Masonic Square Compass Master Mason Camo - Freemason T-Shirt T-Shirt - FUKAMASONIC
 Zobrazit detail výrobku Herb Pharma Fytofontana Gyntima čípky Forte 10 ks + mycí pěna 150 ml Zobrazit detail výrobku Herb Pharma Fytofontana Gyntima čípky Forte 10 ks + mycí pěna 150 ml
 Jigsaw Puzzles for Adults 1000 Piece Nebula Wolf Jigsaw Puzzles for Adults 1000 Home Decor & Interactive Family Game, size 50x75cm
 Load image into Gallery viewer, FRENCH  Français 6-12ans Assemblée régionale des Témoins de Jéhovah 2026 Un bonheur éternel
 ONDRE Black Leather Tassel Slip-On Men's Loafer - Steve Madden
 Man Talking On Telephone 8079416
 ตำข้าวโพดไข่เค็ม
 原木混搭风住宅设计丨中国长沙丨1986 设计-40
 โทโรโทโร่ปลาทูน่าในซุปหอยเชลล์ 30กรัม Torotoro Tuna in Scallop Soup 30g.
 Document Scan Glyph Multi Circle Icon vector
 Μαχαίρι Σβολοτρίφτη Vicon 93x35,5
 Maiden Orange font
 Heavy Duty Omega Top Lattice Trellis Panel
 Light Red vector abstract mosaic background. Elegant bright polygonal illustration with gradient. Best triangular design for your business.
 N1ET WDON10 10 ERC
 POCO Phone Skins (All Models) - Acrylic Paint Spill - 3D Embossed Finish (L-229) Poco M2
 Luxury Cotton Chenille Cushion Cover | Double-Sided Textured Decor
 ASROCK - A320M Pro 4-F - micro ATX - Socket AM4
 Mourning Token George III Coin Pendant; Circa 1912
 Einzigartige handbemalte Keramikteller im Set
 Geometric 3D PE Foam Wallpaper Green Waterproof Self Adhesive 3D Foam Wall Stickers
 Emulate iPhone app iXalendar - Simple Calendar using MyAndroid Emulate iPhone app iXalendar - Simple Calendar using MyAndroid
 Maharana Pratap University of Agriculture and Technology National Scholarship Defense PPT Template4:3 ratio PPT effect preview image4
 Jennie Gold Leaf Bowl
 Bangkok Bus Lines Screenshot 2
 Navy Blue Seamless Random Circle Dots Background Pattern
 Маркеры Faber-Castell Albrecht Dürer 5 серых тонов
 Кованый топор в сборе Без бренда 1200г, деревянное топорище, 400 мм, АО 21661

:::

### Your assignment
Give back, exactly as written, the stretch from the line with "Jigsaw Puzzles for Adults 1000 Piece" through the line with "原木混搭风住宅设计丨中国长沙丨1986 设计-40", and no other lines from the records above.

### Problem solution
 Jigsaw Puzzles for Adults 1000 Piece Nebula Wolf Jigsaw Puzzles for Adults 1000 Home Decor & Interactive Family Game, size 50x75cm
 Load image into Gallery viewer, FRENCH  Français 6-12ans Assemblée régionale des Témoins de Jéhovah 2026 Un bonheur éternel
 ONDRE Black Leather Tassel Slip-On Men's Loafer - Steve Madden
 Man Talking On Telephone 8079416
 ตำข้าวโพดไข่เค็ม
 原木混搭风住宅设计丨中国长沙丨1986 设计-40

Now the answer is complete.